Authorities have maintained that they intervened in the forex markets to maintain stability in the face of volatile global markets.

“We believe that there is greater space for the exchange markets to operate,” Governor Cabraal told reporters Monday.

“It is happening now also.”

The central bank ended interventions in the last week of March. After dipping to 116.10 rupees against the US dollar, the rupee firmed to 115.60 levels in intra-day trading Monday.

In April the exchange rate trends to be strong, with export firms selling dollars to pay festival advances, despite an expansion in the money supply and cash drawn out of the banking system in a ‘private sector sterilization’ phenomenon.

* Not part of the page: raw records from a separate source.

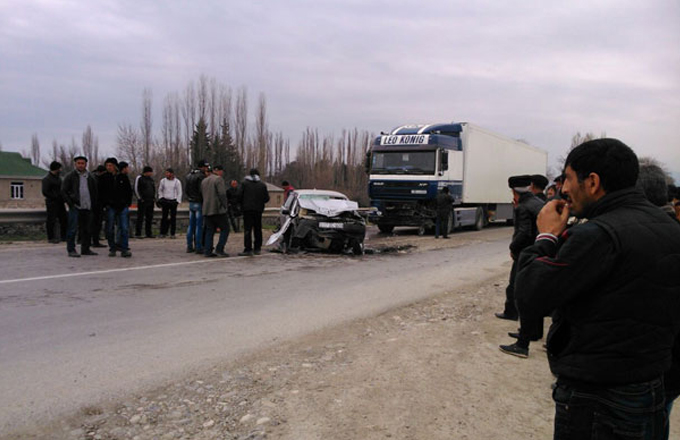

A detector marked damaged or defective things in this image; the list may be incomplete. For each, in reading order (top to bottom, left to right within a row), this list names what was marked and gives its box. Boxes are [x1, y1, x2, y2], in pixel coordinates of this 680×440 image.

wrecked car [268, 188, 370, 254]
crushed car hood [298, 198, 362, 217] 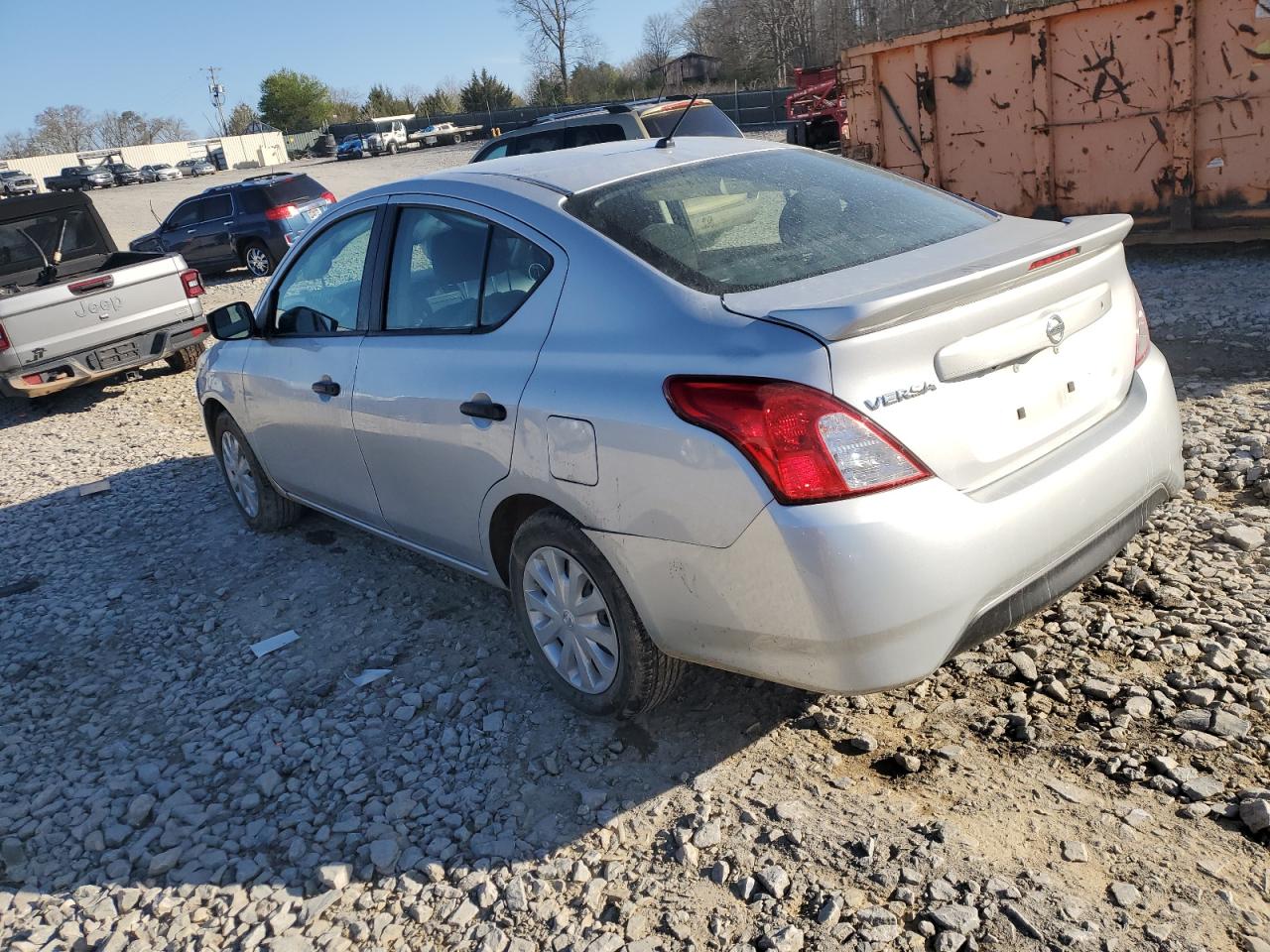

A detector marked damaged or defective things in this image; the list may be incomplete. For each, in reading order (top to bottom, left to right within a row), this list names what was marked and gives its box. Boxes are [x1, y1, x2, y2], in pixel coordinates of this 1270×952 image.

rusty orange dumpster [842, 0, 1270, 239] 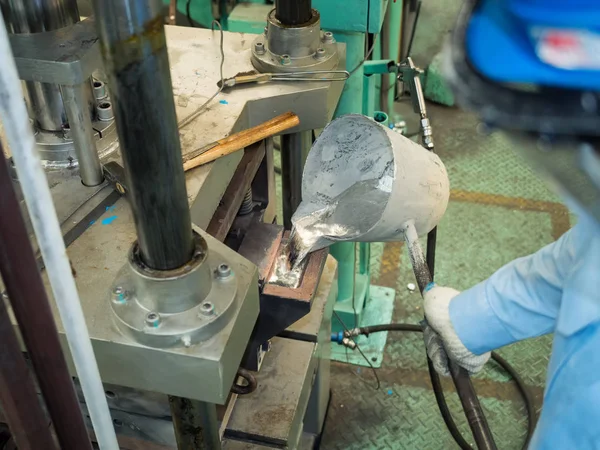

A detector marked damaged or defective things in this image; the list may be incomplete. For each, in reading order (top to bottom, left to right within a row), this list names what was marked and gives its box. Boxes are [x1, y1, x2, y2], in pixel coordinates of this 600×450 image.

rusty metal bar [0, 150, 93, 450] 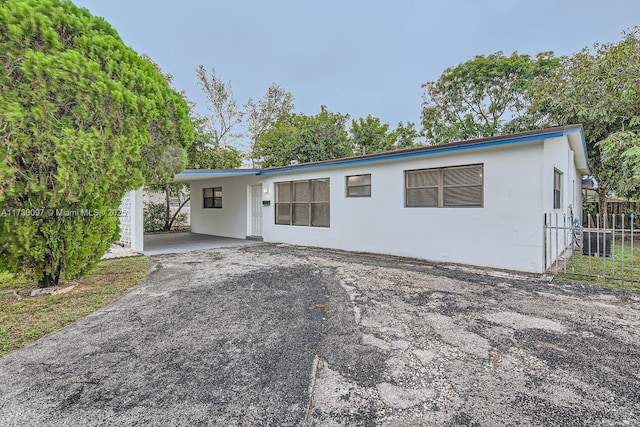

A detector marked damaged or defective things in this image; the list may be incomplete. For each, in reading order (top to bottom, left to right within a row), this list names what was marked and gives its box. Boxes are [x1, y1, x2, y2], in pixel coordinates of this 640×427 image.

cracked asphalt pavement [1, 242, 640, 426] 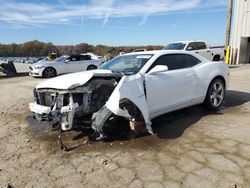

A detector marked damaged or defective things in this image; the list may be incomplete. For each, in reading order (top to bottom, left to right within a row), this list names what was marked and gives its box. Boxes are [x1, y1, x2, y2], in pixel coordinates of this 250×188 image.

crushed hood [36, 69, 112, 89]
damaged white car [28, 50, 229, 140] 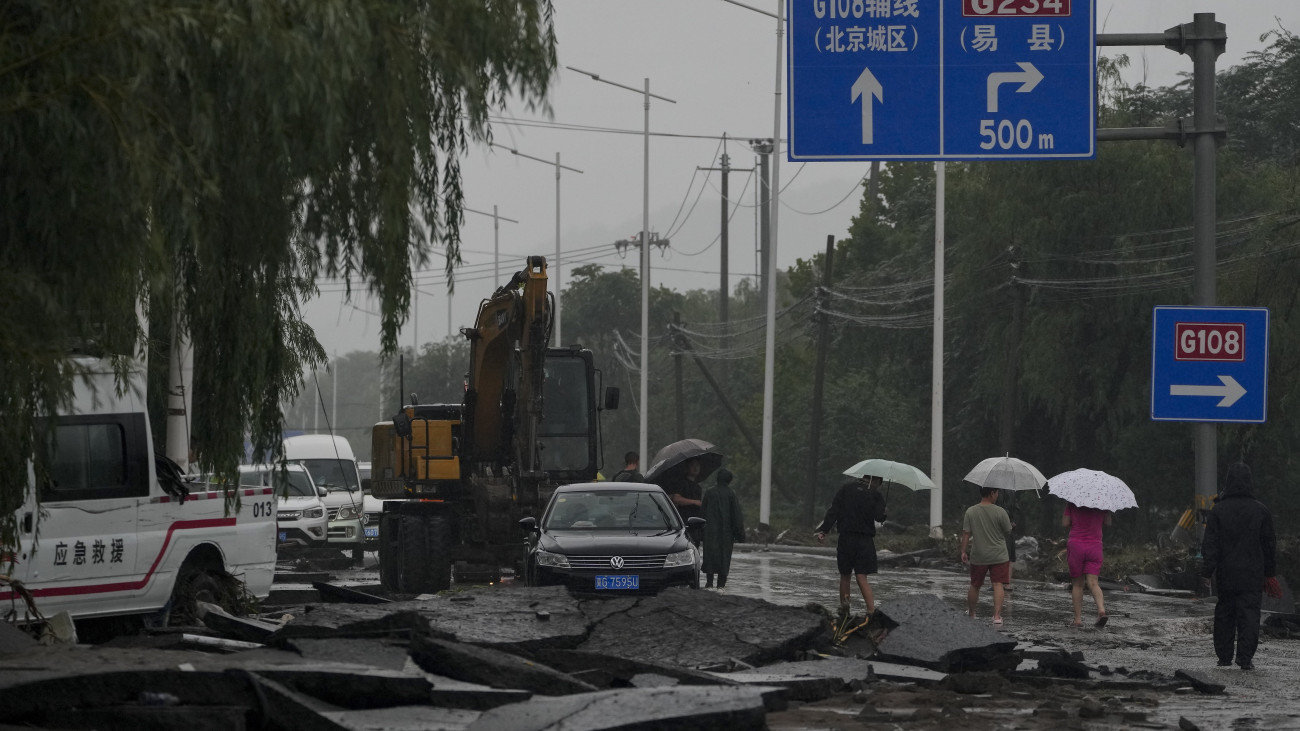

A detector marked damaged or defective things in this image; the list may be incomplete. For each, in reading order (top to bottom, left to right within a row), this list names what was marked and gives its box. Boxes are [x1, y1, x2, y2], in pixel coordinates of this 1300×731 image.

Pressure on the exchange rate usually resumes in May.

The ‘float’ of the rupee is a ‘prior action’ for an IMF bailout as central bank interventions in forex markets and simultaneous cash injections to money markets to sterilize forex sales results in fresh pressure on the currency and more reserve losses.

Cabraal said negotiations were still underway with the IMF, without elaborating.

An IMF bailout is expected in the last week of April if Sri Lanka can fulfil prior actions.

Sri Lanka had submitted a request for 1.9 billion US dollars from IMF, Cabraal said when asked to whether Sri Lanka could get a higher allocation, amid reports that the island may qualify for around 2.4 billion US dollars of assistance.

Officials said the investors into government treasuries markets as well as short-term credit to the state petroleum utility went out of the country. In October 2008 alone, more than 700 million US dollars had fled the country.

Sri Lanka’s gross official reserves (including net reserves) fell from 3,424 million US dollars in September 2008 to 1.415 million US dollars in January. The Central Bank’s net reserves fell to 1,142 million US dollars.

Since then 293.33 million US dollars had been spent on peg defence. Sovereign debt repayments are not captured in the data.